Призрак: В моем представлении, штурм — это когда ты разведал абсолютно всю ситуацию, ты знаешь, где они сидят, знаешь позиции подхода. И ты начинаешь по карте составлять маршрут — как грамотно заходить, что делать в случае отступления, где должна быть группа эвакуации, как проводить доразведку местности. Примерно так всё и проходит из того, что при мне было. Но, конечно, в различных ситуациях везде по-разному.

Корр.: Роль артиллерии важна?

Призрак: Конечно. Она должна отработать по определенным зданиям, локациям, в которых выявлены узлы сопротивления. Мы, к примеру, даже думали брать с собой АГС. Меня раза четыре должны были отправлять, потому что знаю, как корректировать поддержку группы. То есть, если группа продвигается и где-то открывают огонь, либо я сам набрасываю, либо говорю, где конкретно, и по противнику отрабатывают. Могу передавать данные. В задаче снайпера в основном — это наблюдение, корректировка и также отработка. Но крайне редко сейчас в условиях СВО применяется отработка снайпером, потому что дистанции выросли. Есть штатная СВД, ею можно работать при штурме и в городских условиях. СВД все-таки решает до сих пор свои задачи. Но в окопе — надо что-то крупнокалиберное. К примеру, как армейская АСВК-Корд, либо что-то выше калибра 7,62.

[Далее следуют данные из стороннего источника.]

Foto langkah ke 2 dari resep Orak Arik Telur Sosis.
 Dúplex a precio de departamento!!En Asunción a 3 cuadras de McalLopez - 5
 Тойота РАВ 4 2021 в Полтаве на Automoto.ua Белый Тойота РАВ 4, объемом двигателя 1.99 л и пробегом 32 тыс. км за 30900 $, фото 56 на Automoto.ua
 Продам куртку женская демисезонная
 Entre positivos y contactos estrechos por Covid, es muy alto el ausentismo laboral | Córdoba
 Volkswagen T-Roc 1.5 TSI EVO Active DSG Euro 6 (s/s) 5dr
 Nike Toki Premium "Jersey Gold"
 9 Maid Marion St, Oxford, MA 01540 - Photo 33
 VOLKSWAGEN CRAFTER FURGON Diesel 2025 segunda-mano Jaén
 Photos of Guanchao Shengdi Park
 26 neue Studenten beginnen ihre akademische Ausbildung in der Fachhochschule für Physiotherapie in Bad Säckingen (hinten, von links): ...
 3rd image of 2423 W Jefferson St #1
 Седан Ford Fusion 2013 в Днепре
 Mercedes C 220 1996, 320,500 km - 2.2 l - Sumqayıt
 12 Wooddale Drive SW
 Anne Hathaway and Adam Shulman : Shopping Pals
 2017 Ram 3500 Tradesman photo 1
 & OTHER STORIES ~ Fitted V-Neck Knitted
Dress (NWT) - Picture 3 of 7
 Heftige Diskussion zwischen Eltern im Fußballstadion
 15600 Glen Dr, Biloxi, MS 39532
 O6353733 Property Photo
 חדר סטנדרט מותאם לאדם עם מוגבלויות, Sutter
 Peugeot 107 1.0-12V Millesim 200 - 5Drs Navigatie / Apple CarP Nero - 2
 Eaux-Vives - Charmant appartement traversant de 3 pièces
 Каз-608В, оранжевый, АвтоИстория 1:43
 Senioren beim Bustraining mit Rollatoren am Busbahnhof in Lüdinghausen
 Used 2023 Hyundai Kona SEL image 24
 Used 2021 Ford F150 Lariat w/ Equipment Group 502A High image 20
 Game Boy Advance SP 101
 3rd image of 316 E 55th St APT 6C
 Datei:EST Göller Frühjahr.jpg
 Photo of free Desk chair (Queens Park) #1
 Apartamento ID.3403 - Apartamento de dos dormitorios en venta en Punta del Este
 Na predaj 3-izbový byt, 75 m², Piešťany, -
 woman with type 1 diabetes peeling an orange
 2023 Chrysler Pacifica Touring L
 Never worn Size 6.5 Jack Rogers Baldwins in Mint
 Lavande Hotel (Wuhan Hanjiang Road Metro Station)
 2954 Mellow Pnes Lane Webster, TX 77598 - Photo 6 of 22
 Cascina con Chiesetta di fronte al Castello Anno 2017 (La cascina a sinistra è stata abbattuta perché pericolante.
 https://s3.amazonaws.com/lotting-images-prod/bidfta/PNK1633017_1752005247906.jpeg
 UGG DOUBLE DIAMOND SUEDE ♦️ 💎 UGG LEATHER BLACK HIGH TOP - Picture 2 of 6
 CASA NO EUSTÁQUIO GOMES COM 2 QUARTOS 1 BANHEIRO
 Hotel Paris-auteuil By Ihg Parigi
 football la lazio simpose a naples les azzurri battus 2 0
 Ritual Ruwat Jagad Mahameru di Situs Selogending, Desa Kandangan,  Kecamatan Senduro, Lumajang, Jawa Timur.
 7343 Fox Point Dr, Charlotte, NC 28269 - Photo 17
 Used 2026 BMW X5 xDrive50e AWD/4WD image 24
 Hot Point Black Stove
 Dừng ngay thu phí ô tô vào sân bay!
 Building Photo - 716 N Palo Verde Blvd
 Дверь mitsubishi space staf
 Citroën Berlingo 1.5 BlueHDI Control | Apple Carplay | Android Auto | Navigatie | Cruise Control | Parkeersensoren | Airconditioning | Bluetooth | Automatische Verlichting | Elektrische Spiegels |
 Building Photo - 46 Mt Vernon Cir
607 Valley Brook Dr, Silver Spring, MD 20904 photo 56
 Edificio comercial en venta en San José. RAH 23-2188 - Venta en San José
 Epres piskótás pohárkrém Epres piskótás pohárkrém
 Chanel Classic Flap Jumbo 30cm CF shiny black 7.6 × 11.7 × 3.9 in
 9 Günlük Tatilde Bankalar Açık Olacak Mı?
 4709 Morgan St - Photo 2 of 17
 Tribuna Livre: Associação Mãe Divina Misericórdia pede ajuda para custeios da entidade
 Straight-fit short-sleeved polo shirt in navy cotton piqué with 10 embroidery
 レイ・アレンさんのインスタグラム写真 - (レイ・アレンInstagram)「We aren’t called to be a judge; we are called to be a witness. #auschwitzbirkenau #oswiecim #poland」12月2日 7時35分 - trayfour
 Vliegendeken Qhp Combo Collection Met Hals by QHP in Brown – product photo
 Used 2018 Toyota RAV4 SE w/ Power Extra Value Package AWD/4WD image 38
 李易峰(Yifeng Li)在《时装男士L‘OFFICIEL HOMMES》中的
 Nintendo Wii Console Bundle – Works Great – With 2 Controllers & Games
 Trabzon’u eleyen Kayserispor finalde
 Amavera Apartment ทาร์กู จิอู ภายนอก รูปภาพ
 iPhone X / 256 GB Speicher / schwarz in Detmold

Корр.: Скажи, а печально известные HIMARS’ы, — вы их наблюдали?

Призрак: Конкретно по нам они не отрабатывали, я больше слышал, что по ним работала наша авиация и крылатые ракеты, потому что это достаточно опасная дальнобойная система, как наши РСЗО «Смерч» или «Торнадо-С». По нам прилетала артиллерия, еще до того, как я приезжал, у нас как раз позиция была под бетонной коробкой, примерно как на заводе. Просто попал 152-мм снаряд, и крыши вообще нет. Это обычное попадание. Вся бетонная коробка, грубо говоря, как половина этого кафе — сложилась. Это от одного только снаряда.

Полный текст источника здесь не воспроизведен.